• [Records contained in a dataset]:
==*==

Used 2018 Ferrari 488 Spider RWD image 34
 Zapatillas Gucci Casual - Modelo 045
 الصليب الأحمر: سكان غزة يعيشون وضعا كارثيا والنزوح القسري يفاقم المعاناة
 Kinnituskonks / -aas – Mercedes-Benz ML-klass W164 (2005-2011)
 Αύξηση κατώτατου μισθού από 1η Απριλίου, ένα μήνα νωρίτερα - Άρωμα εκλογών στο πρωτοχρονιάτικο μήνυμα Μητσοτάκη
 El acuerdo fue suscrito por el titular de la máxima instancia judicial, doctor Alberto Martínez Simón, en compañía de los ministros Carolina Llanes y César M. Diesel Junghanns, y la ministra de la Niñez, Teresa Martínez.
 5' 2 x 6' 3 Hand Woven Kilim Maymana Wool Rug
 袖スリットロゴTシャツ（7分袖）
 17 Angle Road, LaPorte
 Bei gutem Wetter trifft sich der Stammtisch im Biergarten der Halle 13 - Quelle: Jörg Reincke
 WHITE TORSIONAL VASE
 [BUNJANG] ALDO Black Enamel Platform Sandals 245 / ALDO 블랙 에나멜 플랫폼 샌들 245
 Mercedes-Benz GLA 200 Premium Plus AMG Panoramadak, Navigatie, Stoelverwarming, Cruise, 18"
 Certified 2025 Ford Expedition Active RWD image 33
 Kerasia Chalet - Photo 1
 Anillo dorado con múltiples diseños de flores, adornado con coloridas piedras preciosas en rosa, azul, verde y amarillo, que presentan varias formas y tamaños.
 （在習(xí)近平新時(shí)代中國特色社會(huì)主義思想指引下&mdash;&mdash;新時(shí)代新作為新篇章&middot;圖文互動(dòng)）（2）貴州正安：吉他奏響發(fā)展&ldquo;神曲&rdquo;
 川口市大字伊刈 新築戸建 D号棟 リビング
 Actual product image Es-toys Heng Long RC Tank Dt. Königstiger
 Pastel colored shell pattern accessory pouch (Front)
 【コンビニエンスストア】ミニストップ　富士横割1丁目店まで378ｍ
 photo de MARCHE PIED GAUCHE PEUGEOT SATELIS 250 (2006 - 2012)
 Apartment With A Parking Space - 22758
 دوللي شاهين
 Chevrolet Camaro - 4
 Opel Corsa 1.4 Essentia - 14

==*==

Print every line from the one that contains "Anillo dorado con" to the end of the records, exactly as written, and nothing more.

• [Response]:
 Anillo dorado con múltiples diseños de flores, adornado con coloridas piedras preciosas en rosa, azul, verde y amarillo, que presentan varias formas y tamaños.
 （在習(xí)近平新時(shí)代中國特色社會(huì)主義思想指引下&mdash;&mdash;新時(shí)代新作為新篇章&middot;圖文互動(dòng)）（2）貴州正安：吉他奏響發(fā)展&ldquo;神曲&rdquo;
 川口市大字伊刈 新築戸建 D号棟 リビング
 Actual product image Es-toys Heng Long RC Tank Dt. Königstiger
 Pastel colored shell pattern accessory pouch (Front)
 【コンビニエンスストア】ミニストップ　富士横割1丁目店まで378ｍ
 photo de MARCHE PIED GAUCHE PEUGEOT SATELIS 250 (2006 - 2012)
 Apartment With A Parking Space - 22758
 دوللي شاهين
 Chevrolet Camaro - 4
 Opel Corsa 1.4 Essentia - 14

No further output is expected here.